++++ RECORDS FOR THIS TASK

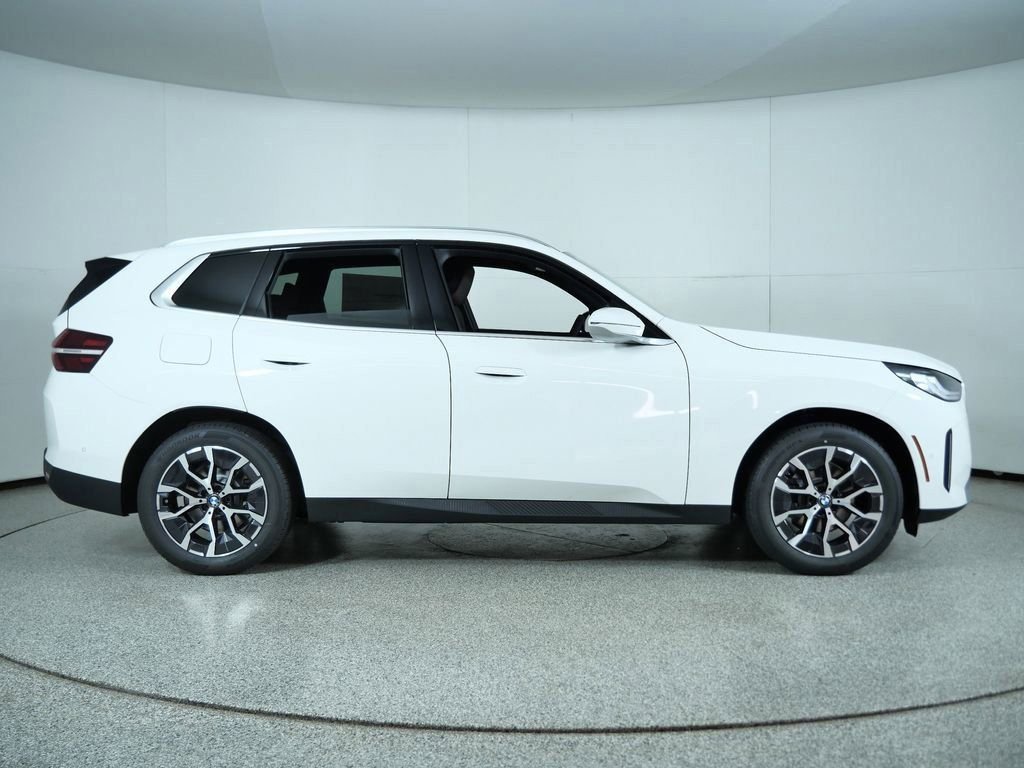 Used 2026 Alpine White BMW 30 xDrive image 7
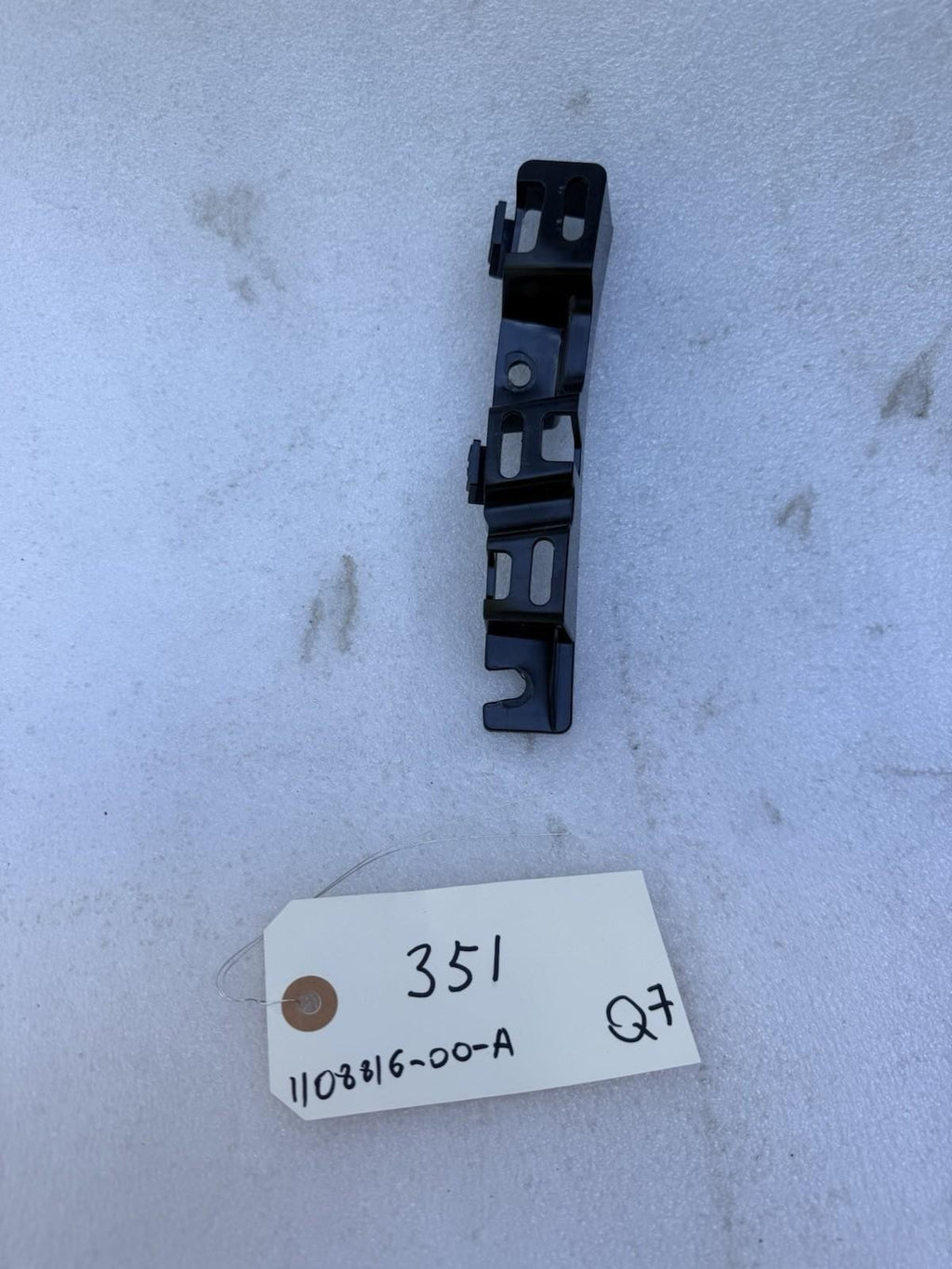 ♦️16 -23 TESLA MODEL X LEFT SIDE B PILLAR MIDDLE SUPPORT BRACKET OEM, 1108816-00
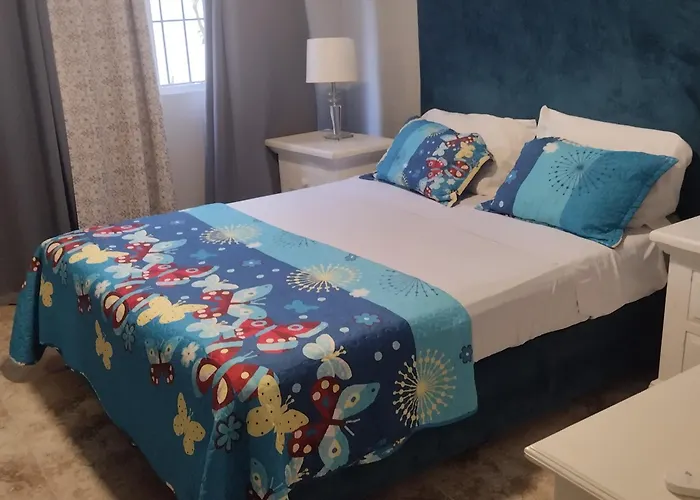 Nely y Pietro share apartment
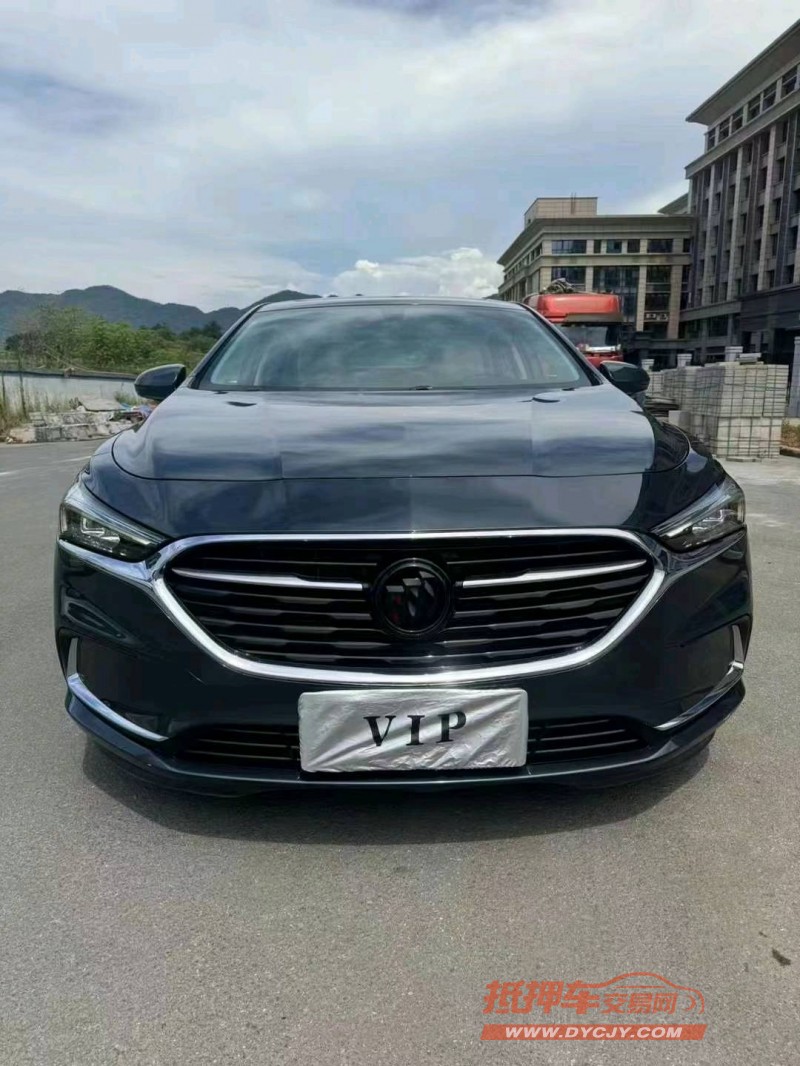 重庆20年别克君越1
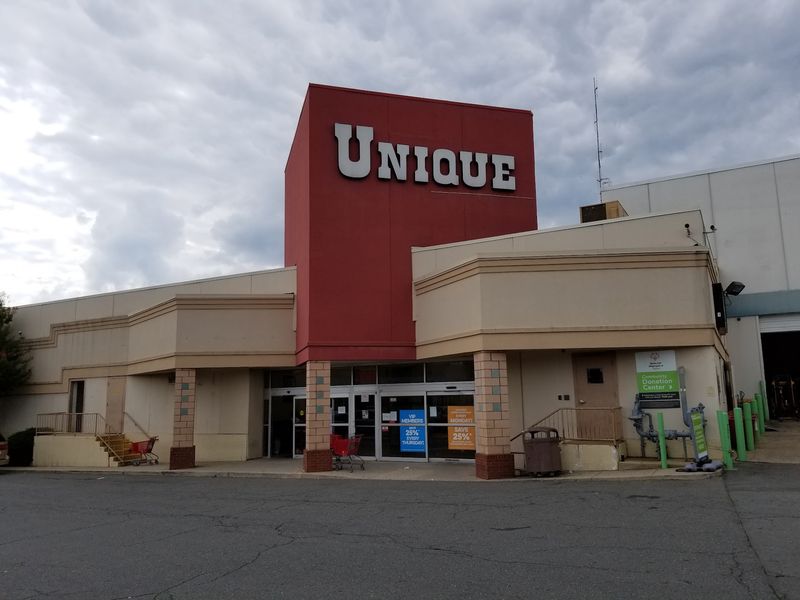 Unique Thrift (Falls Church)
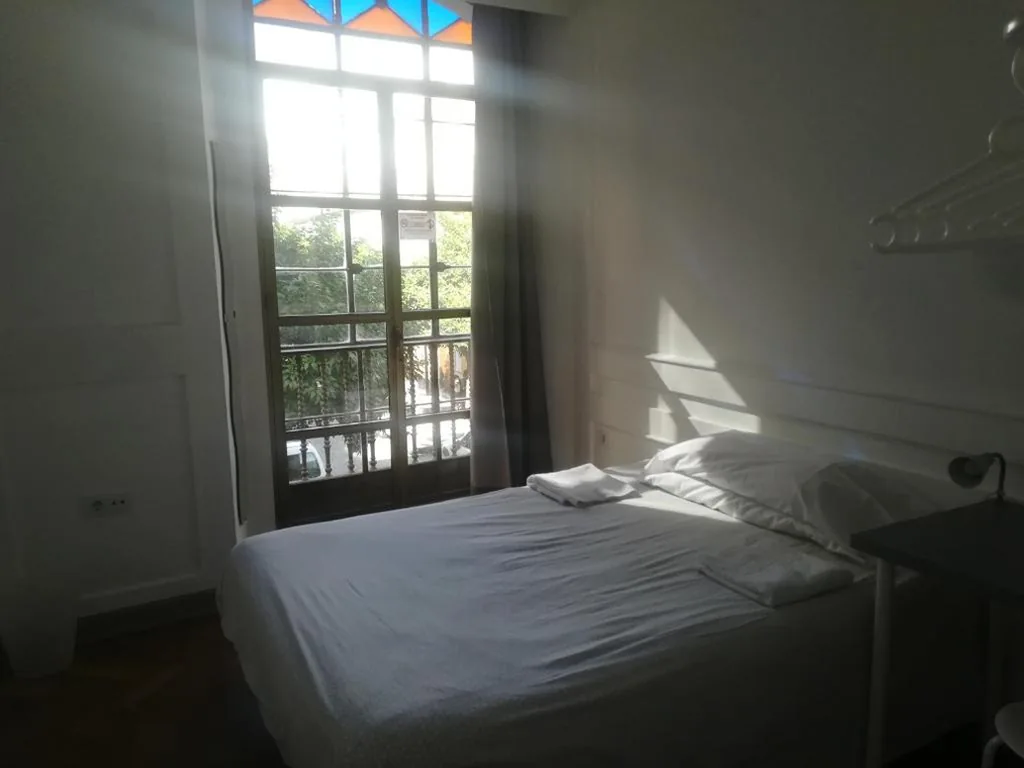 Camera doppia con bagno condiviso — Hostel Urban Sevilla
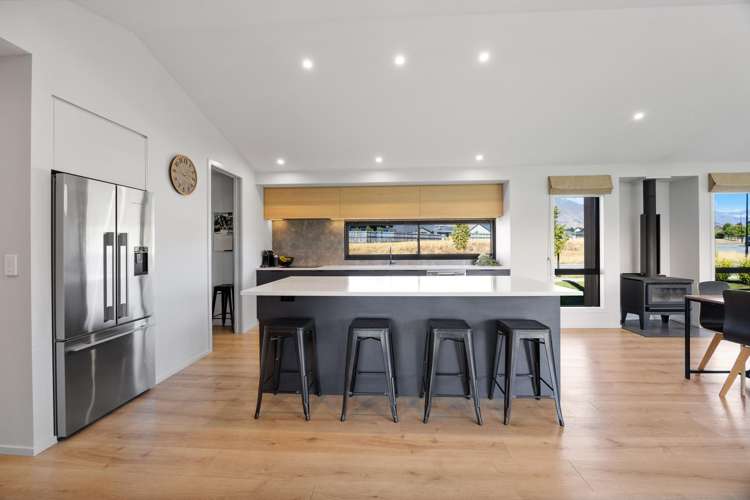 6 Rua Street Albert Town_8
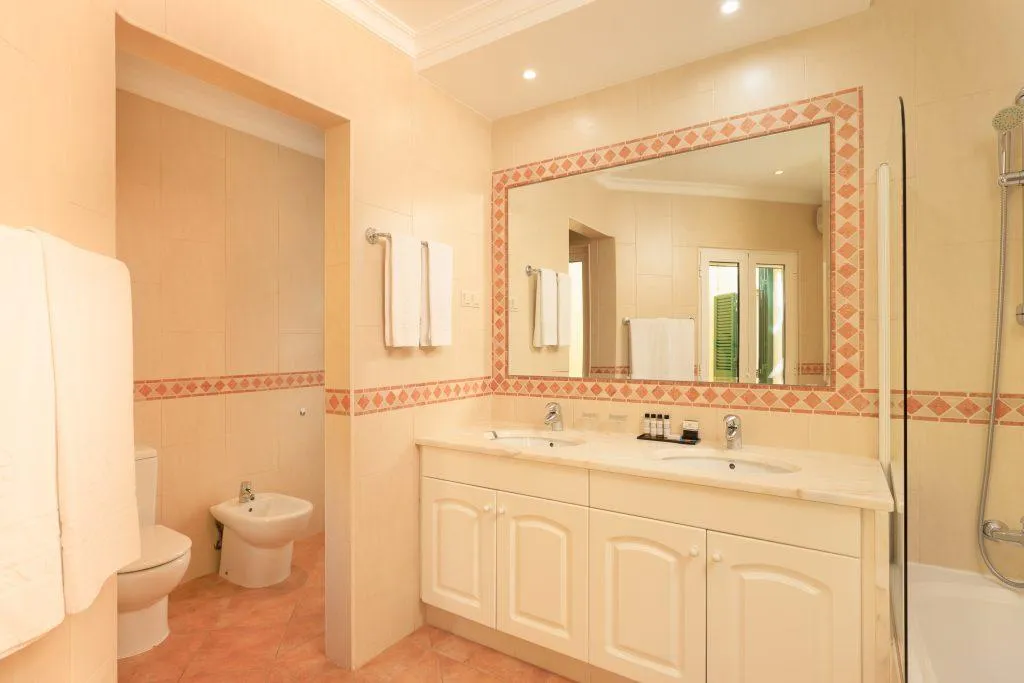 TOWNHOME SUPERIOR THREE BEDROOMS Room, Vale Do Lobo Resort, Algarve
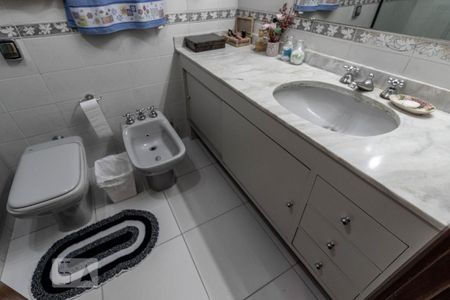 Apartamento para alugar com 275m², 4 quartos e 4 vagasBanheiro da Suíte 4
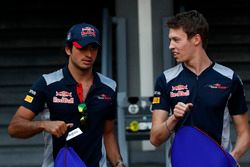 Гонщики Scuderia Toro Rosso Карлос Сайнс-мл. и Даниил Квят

++++++++

■ TASK DESCRIPTION ■
The lines to copy run from the line containing "Nely y Pietro share apartment" through the end of the data above; copy exactly those, minus the pictures.

■ ANSWER ■
 Nely y Pietro share apartment
 重庆20年别克君越1
 Unique Thrift (Falls Church)
 Camera doppia con bagno condiviso — Hostel Urban Sevilla
 6 Rua Street Albert Town_8
 TOWNHOME SUPERIOR THREE BEDROOMS Room, Vale Do Lobo Resort, Algarve
 Apartamento para alugar com 275m², 4 quartos e 4 vagasBanheiro da Suíte 4
 Гонщики Scuderia Toro Rosso Карлос Сайнс-мл. и Даниил Квят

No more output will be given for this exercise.